What is expected: Each record must appear in the answer exactly as given.

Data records
────────────────────
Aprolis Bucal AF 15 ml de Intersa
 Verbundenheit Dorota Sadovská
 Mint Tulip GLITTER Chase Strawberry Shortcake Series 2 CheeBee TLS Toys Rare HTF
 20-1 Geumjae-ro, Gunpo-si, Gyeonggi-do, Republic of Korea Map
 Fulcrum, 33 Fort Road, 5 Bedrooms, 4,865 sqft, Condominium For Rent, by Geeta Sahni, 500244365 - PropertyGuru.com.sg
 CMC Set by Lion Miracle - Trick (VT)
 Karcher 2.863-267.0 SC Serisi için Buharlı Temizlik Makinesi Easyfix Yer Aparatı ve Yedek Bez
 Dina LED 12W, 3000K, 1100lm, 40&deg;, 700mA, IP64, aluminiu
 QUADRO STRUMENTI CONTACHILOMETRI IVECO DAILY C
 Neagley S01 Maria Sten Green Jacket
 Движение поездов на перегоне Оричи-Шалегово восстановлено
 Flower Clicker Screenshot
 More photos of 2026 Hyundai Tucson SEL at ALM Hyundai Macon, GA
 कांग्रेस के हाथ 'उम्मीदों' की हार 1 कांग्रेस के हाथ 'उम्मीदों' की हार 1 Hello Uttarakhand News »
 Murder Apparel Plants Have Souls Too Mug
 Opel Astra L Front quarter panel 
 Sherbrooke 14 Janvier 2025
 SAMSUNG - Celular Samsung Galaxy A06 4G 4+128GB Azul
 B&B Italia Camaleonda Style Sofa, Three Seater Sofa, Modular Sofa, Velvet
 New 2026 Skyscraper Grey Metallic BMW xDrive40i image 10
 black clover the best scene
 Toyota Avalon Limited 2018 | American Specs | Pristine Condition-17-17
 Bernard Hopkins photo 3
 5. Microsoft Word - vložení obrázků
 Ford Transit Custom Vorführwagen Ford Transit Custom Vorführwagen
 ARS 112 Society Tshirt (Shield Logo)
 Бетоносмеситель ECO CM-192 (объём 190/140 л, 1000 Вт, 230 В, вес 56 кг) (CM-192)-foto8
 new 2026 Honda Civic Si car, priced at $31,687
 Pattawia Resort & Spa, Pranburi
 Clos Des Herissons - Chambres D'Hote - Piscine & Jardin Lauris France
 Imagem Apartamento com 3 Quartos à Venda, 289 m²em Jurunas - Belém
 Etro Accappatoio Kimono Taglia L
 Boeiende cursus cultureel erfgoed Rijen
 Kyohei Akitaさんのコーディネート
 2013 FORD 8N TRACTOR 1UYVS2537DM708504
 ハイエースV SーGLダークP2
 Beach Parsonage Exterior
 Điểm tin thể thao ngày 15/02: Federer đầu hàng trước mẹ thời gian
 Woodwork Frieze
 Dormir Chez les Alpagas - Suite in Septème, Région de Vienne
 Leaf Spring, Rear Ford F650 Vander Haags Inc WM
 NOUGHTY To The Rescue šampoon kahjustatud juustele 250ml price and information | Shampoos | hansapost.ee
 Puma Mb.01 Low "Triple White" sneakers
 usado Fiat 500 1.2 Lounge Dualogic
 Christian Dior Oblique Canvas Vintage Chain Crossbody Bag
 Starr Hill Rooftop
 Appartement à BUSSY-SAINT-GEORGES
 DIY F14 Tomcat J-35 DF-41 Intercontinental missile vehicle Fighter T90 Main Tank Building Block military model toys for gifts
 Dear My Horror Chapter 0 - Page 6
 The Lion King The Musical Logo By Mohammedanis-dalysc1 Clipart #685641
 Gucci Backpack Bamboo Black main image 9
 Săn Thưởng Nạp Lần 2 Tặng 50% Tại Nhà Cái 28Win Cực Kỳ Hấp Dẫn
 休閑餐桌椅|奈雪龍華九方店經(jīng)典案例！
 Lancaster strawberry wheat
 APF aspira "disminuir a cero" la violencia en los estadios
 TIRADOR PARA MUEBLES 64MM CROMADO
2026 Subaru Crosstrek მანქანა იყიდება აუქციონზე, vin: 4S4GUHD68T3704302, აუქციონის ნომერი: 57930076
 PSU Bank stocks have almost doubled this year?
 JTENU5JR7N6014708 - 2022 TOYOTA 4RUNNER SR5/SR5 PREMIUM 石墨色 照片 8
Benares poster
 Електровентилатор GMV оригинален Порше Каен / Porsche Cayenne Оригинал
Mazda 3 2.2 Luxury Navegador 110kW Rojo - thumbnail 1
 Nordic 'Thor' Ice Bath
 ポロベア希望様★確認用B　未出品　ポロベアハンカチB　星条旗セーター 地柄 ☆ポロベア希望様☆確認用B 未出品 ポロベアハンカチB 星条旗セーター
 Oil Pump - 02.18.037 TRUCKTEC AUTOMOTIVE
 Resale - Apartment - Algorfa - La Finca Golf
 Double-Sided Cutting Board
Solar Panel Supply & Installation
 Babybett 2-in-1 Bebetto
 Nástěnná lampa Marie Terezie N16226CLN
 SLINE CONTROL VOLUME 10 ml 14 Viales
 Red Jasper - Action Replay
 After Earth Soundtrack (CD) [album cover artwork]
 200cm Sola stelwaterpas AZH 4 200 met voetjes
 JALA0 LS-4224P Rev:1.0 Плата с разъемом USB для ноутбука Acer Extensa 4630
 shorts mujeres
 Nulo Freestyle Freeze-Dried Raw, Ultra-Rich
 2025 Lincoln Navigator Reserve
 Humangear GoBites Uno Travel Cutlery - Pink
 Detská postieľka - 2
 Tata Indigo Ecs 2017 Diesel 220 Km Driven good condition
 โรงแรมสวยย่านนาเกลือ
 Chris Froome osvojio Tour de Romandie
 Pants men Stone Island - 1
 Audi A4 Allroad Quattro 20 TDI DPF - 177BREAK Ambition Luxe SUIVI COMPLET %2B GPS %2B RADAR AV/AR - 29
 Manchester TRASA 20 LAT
────────────────────
Solution:
Aprolis Bucal AF 15 ml de Intersa
 Verbundenheit Dorota Sadovská
 Mint Tulip GLITTER Chase Strawberry Shortcake Series 2 CheeBee TLS Toys Rare HTF
 20-1 Geumjae-ro, Gunpo-si, Gyeonggi-do, Republic of Korea Map
 Fulcrum, 33 Fort Road, 5 Bedrooms, 4,865 sqft, Condominium For Rent, by Geeta Sahni, 500244365 - PropertyGuru.com.sg
 CMC Set by Lion Miracle - Trick (VT)
 Karcher 2.863-267.0 SC Serisi için Buharlı Temizlik Makinesi Easyfix Yer Aparatı ve Yedek Bez
 Dina LED 12W, 3000K, 1100lm, 40&deg;, 700mA, IP64, aluminiu
 QUADRO STRUMENTI CONTACHILOMETRI IVECO DAILY C
 Neagley S01 Maria Sten Green Jacket
 Движение поездов на перегоне Оричи-Шалегово восстановлено
 Flower Clicker Screenshot
 More photos of 2026 Hyundai Tucson SEL at ALM Hyundai Macon, GA
 कांग्रेस के हाथ 'उम्मीदों' की हार 1 कांग्रेस के हाथ 'उम्मीदों' की हार 1 Hello Uttarakhand News »
 Murder Apparel Plants Have Souls Too Mug
 Opel Astra L Front quarter panel 
 Sherbrooke 14 Janvier 2025
 SAMSUNG - Celular Samsung Galaxy A06 4G 4+128GB Azul
 B&B Italia Camaleonda Style Sofa, Three Seater Sofa, Modular Sofa, Velvet
 New 2026 Skyscraper Grey Metallic BMW xDrive40i image 10
 black clover the best scene
 Toyota Avalon Limited 2018 | American Specs | Pristine Condition-17-17
 Bernard Hopkins photo 3
 5. Microsoft Word - vložení obrázků
 Ford Transit Custom Vorführwagen Ford Transit Custom Vorführwagen
 ARS 112 Society Tshirt (Shield Logo)
 Бетоносмеситель ECO CM-192 (объём 190/140 л, 1000 Вт, 230 В, вес 56 кг) (CM-192)-foto8
 new 2026 Honda Civic Si car, priced at $31,687
 Pattawia Resort & Spa, Pranburi
 Clos Des Herissons - Chambres D'Hote - Piscine & Jardin Lauris France
 Imagem Apartamento com 3 Quartos à Venda, 289 m²em Jurunas - Belém
 Etro Accappatoio Kimono Taglia L
 Boeiende cursus cultureel erfgoed Rijen
 Kyohei Akitaさんのコーディネート
 2013 FORD 8N TRACTOR 1UYVS2537DM708504
 ハイエースV SーGLダークP2
 Beach Parsonage Exterior
 Điểm tin thể thao ngày 15/02: Federer đầu hàng trước mẹ thời gian
 Woodwork Frieze
 Dormir Chez les Alpagas - Suite in Septème, Région de Vienne
 Leaf Spring, Rear Ford F650 Vander Haags Inc WM
 NOUGHTY To The Rescue šampoon kahjustatud juustele 250ml price and information | Shampoos | hansapost.ee
 Puma Mb.01 Low "Triple White" sneakers
 usado Fiat 500 1.2 Lounge Dualogic
 Christian Dior Oblique Canvas Vintage Chain Crossbody Bag
 Starr Hill Rooftop
 Appartement à BUSSY-SAINT-GEORGES
 DIY F14 Tomcat J-35 DF-41 Intercontinental missile vehicle Fighter T90 Main Tank Building Block military model toys for gifts
 Dear My Horror Chapter 0 - Page 6
 The Lion King The Musical Logo By Mohammedanis-dalysc1 Clipart #685641
 Gucci Backpack Bamboo Black main image 9
 Săn Thưởng Nạp Lần 2 Tặng 50% Tại Nhà Cái 28Win Cực Kỳ Hấp Dẫn
 休閑餐桌椅|奈雪龍華九方店經(jīng)典案例！
 Lancaster strawberry wheat
 APF aspira "disminuir a cero" la violencia en los estadios
 TIRADOR PARA MUEBLES 64MM CROMADO
2026 Subaru Crosstrek მანქანა იყიდება აუქციონზე, vin: 4S4GUHD68T3704302, აუქციონის ნომერი: 57930076
 PSU Bank stocks have almost doubled this year?
 JTENU5JR7N6014708 - 2022 TOYOTA 4RUNNER SR5/SR5 PREMIUM 石墨色 照片 8
Benares poster
 Електровентилатор GMV оригинален Порше Каен / Porsche Cayenne Оригинал
Mazda 3 2.2 Luxury Navegador 110kW Rojo - thumbnail 1
 Nordic 'Thor' Ice Bath
 ポロベア希望様★確認用B　未出品　ポロベアハンカチB　星条旗セーター 地柄 ☆ポロベア希望様☆確認用B 未出品 ポロベアハンカチB 星条旗セーター
 Oil Pump - 02.18.037 TRUCKTEC AUTOMOTIVE
 Resale - Apartment - Algorfa - La Finca Golf
 Double-Sided Cutting Board
Solar Panel Supply & Installation
 Babybett 2-in-1 Bebetto
 Nástěnná lampa Marie Terezie N16226CLN
 SLINE CONTROL VOLUME 10 ml 14 Viales
 Red Jasper - Action Replay
 After Earth Soundtrack (CD) [album cover artwork]
 200cm Sola stelwaterpas AZH 4 200 met voetjes
 JALA0 LS-4224P Rev:1.0 Плата с разъемом USB для ноутбука Acer Extensa 4630
 shorts mujeres
 Nulo Freestyle Freeze-Dried Raw, Ultra-Rich
 2025 Lincoln Navigator Reserve
 Humangear GoBites Uno Travel Cutlery - Pink
 Detská postieľka - 2
 Tata Indigo Ecs 2017 Diesel 220 Km Driven good condition
 โรงแรมสวยย่านนาเกลือ
 Chris Froome osvojio Tour de Romandie
 Pants men Stone Island - 1
 Audi A4 Allroad Quattro 20 TDI DPF - 177BREAK Ambition Luxe SUIVI COMPLET %2B GPS %2B RADAR AV/AR - 29
 Manchester TRASA 20 LAT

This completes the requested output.